London Met partners with The Liliesleaf Trust UK

Among other initiatives, this partnership will create a PhD opportunity with the Centre of Memory and Learning to develop a community-focused engagement programme.

Date: 21 July 2021

London Met is proud to announce their new strategic partnership with the Liliesleaf Trust UK (TLTU), a charity working to advance public knowledge of the international movement against apartheid and the contemporary relevance of learning from this heritage, particularly within anti-racist and social justice focused missions.

Through this exciting new partnership, TLTU will support research taking place at London Met with access to the lived experience of the movement against apartheid from within the Trust’s board, advisory groups and networks’ archival materials. The Trust will also offer work-based learning and volunteering opportunities to students and co-create a shared programme of arts and curatorial-based community engagement activities.

In turn, London Met will provide access to relevant academics and research centres linked to TLTU’s work, and will also work with the Centre as an official London Met Lab: Empowering London partner, empowering local communities and addressing social issues.

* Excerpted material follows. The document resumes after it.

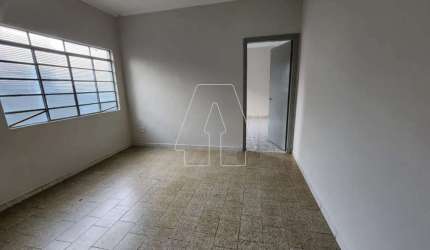 Casa no bairro Jardim América em Araçatuba-SP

Caroline Kamana, Anti-Apartheid Legacy Project Director at the Liliesleaf Trust UK, said: “We’re very excited about the potential that our new partnership with London Met offers. At a time when the impacts of Covid-19 have exposed and intensified structural inequality between communities, when post-Brexit xenophobia is heightened and the need to state clearly that Black Lives Matter remains, learning from anti-apartheid heritage speaks more profoundly than ever to many of the most pressing social and racial equality issues of the contemporary moment. 

“With London Met, we’ll deliver impactful programmes that channel the legacy of one of the most powerful social movements of the 20th Century. The Centre of Memory and Learning will foreground an empowering, under-represented Black-led history, redressing longstanding imbalances in who UK heritage is made for and by.

Out of this partnership, a new, collaborative fully funded PhD opportunity has been created that will focus on original and socially contributive research and community-facing creative programming for TLTU’s Centre of Memory and Learning, set to open in Islington in 2023 in the former London HQ of the African National Congress. 

The Anti-Apartheid Legacy: Centre of Memory and Learning (CML) in Penton St, Islington is the new home of the Trust and the first UK venue dedicated to anti-apartheid heritage. The CML promotes the legacy and values of the Southern African liberation struggle, the UK’s central role within this struggle and supports contemporary discourse around social (in)justice, inclusion and multi-racial collaboration for social transformation.

Sophie Cloutterbuck, Director of London Engagement, said: “We’re delighted to announce this new partnership with the Liliesleaf Trust UK. London Met is one of London’s vital civic institutions and this partnership will enable collaborative research, co-created arts and curatorial based community engagement, unique opportunities for our staff and students to engage with this site of significant international heritage importance, and to empower our local communities and address the disenfranchisement of marginalised peoples.”

A mock-up image of the new garden at the Centre of Memory and Learning.

TLTU is The Liliesleaf Trust UK, a Black-led organisation established in 2018. The CML is The Anti-Apartheid Legacy: Centre of Memory & Learning and is opening with support from a range of capital funders including the Greater London Authority, the ANC and The Garfield Weston Foundation.